Sunday, December 11, 2011

Behold Your God

If you would like to hear the sermon preached at Trinity Lutheran Church in Layton, Utah for Gaudete, the Third Sunday in Advent, click on this MP3 audio link--"Behold Your God."

The audio includes the Hymn of the Day, "Arise, O Christian People," LSB #354. The sermon begins at the 3:00 mark.

Behold your God has come to gather you into His arms and tend you like a the flock of His church where He tends you like a shepherd.

A rough preaching manuscript follows below if you prefer to read along or read instead.

TEXT: Comfort, comfort my people, says your God. Speak tenderly to Jerusalem, and cry to her that her warfare is ended, that her iniquity is pardoned, that she has received from the LORD’s hand double for all her sins.

A voice cries: “In the wilderness prepare the way of the LORD; make straight in the desert a highway for our God. Every valley shall be lifted up, and every mountain and hill be made low; the uneven ground shall become level, and the rough places a plain. And the glory of the LORD shall be revealed, and all flesh shall see it together, for the mouth of the LORD has spoken.”

A voice says, “Cry!” And I said, “What shall I cry?” All flesh is grass, and all its beauty is like the flower of the field. The grass withers, the flower fades when the breath of the LORD blows on it; surely the people are grass. The grass withers, the flower fades, but the word of our God will stand forever.

Get you up to a high mountain, O Zion, herald of good news; lift up your voice with strength, O Jerusalem, herald of good news; lift it up, fear not; say to the cities of Judah, “Behold your God!” Behold, the Lord GOD comes with might, and his arm rules for him; behold, his reward is with him, and his recompense before him.

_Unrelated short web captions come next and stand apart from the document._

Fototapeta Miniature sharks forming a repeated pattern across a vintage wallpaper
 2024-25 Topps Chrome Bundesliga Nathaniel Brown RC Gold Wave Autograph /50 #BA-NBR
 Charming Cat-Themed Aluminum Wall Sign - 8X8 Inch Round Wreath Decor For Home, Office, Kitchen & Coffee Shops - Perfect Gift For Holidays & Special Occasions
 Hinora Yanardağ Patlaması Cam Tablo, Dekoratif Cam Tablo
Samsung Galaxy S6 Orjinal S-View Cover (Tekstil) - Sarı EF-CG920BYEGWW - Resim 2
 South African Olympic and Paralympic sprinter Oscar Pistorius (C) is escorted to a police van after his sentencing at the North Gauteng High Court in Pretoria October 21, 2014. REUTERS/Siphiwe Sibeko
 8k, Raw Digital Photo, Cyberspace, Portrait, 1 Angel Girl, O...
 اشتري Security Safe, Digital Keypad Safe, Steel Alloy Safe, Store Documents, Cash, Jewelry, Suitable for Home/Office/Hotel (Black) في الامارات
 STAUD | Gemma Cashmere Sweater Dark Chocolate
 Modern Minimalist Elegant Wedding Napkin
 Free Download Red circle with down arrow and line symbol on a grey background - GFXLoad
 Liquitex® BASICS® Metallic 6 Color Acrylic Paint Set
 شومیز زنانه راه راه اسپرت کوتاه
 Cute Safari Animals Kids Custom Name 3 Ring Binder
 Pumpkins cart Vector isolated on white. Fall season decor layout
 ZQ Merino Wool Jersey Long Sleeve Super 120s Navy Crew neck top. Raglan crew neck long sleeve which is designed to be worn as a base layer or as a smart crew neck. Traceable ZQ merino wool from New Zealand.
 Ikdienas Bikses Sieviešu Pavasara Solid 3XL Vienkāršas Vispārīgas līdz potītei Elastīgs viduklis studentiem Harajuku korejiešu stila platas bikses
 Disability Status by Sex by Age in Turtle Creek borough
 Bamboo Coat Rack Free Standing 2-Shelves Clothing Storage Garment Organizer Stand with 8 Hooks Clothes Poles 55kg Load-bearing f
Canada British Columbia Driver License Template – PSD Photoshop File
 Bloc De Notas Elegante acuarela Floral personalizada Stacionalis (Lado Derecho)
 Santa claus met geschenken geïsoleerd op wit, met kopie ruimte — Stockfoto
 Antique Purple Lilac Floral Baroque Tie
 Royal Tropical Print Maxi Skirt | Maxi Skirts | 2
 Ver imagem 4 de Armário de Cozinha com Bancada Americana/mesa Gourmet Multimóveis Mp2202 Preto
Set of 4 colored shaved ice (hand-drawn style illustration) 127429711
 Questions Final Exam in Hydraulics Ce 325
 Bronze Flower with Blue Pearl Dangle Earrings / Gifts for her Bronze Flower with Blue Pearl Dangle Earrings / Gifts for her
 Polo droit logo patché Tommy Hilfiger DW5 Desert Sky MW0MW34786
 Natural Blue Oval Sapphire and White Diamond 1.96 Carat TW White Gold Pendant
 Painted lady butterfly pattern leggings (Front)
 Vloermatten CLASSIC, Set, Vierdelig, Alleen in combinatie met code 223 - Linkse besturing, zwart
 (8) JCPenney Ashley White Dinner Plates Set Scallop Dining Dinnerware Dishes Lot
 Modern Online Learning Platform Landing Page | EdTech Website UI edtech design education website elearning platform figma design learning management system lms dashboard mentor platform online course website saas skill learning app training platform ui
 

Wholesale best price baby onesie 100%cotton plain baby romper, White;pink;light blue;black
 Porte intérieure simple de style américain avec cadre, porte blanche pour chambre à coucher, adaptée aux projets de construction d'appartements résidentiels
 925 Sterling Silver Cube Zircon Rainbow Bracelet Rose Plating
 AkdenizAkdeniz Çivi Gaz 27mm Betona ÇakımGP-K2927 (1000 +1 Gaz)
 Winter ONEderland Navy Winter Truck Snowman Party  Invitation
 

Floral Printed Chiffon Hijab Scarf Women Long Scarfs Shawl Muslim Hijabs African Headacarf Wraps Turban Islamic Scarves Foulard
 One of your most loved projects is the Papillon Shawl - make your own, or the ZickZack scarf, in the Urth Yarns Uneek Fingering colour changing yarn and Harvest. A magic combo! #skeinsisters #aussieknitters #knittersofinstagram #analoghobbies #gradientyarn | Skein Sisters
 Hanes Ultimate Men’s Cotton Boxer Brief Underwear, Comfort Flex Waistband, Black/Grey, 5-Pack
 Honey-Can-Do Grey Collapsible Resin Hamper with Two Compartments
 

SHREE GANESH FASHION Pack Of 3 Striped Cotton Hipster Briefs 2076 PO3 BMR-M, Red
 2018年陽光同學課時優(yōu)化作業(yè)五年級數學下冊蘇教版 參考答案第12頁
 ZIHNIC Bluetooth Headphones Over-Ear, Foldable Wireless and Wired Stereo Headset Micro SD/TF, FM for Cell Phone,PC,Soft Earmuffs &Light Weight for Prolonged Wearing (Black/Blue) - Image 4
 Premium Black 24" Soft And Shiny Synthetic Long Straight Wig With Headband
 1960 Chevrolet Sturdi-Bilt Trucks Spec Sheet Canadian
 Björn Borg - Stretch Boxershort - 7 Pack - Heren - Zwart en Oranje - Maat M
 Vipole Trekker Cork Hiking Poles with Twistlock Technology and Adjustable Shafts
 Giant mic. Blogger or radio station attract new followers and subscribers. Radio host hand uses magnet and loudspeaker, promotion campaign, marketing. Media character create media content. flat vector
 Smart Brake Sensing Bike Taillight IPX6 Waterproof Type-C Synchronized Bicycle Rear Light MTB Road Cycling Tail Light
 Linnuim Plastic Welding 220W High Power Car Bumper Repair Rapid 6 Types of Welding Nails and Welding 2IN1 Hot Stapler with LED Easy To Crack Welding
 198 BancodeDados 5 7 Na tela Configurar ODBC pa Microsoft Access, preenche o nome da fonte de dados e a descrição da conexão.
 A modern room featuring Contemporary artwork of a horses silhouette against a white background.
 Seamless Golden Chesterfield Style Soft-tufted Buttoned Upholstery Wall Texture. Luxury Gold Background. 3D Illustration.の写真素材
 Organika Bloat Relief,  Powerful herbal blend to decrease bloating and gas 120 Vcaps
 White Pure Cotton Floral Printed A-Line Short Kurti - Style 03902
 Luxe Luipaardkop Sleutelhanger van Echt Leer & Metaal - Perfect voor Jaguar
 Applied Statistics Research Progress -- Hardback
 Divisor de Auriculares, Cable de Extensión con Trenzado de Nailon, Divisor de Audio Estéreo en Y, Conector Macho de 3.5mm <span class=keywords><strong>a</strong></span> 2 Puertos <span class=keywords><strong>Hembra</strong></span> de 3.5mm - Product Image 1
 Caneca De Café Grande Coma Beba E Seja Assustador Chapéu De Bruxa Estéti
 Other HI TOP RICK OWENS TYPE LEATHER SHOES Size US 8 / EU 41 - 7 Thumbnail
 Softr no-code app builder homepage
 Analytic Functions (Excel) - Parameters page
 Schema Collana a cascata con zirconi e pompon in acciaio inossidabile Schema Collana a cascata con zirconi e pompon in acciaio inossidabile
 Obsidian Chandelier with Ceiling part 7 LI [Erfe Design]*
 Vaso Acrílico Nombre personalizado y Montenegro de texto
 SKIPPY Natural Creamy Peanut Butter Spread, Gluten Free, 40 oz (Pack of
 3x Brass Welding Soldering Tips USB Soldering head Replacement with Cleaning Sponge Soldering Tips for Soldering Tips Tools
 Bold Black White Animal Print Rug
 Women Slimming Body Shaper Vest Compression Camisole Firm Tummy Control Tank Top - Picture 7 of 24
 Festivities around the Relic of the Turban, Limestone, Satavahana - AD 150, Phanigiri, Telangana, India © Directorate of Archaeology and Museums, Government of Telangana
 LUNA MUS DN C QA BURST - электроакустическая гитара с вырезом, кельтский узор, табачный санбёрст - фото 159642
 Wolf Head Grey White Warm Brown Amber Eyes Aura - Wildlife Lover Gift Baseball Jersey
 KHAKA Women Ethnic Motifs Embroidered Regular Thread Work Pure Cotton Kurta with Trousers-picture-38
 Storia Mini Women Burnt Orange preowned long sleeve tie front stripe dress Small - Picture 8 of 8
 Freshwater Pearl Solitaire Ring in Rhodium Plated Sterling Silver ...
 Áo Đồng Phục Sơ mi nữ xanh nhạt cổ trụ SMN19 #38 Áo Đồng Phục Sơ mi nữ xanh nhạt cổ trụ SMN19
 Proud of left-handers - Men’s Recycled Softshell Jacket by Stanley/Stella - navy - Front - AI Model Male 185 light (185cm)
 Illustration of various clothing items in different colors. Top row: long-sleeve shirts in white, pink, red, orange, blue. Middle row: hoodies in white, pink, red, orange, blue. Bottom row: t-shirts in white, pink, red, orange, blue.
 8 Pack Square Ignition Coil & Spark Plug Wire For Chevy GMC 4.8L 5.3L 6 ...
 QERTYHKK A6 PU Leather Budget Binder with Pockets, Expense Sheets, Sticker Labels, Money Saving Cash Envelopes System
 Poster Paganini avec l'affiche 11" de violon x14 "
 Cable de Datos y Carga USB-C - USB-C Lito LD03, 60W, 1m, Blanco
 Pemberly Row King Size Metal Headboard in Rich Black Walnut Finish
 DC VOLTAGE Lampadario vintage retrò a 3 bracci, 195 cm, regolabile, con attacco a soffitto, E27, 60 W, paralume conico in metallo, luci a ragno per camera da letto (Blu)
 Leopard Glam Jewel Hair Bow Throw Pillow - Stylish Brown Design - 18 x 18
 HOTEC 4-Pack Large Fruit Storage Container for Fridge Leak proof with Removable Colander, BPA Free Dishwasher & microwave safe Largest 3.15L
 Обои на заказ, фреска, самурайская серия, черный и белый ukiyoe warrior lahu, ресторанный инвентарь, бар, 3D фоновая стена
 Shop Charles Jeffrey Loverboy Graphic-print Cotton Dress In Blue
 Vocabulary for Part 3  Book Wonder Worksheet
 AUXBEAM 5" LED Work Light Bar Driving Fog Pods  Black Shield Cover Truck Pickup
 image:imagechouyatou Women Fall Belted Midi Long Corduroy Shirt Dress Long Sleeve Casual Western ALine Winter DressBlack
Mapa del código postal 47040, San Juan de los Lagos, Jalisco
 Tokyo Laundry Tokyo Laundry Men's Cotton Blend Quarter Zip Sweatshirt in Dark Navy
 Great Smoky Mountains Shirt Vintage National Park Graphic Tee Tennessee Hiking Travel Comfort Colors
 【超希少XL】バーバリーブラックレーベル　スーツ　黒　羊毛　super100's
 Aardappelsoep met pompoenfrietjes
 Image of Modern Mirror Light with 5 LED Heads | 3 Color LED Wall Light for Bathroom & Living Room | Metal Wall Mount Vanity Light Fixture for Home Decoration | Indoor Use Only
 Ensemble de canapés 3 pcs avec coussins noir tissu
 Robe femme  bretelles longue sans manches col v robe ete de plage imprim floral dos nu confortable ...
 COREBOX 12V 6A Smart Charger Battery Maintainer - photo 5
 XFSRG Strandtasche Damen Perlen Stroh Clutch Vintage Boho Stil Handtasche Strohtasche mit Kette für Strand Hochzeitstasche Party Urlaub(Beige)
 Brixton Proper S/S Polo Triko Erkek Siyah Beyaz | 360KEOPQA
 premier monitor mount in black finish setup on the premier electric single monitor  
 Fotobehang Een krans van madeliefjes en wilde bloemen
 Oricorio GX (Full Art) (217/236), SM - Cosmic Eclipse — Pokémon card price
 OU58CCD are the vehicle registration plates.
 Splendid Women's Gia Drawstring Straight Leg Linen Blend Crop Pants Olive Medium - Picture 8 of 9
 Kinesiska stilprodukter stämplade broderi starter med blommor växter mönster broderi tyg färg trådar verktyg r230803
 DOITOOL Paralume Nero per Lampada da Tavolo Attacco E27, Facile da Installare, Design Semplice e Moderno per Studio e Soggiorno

He will tend his flock like a shepherd; he will gather the lambs in his arms; he will carry them in his bosom, and gently lead those that are with young.

But who wants that?

“Behold your God!” Bah, humbug!

The message of the prophets--“Behold your God!”

The message of John the Baptizer--“Behold your God!”

The message of the apostles--“Behold your God!”

The message of the church, her pastors, and all the baptized--“Behold your God!”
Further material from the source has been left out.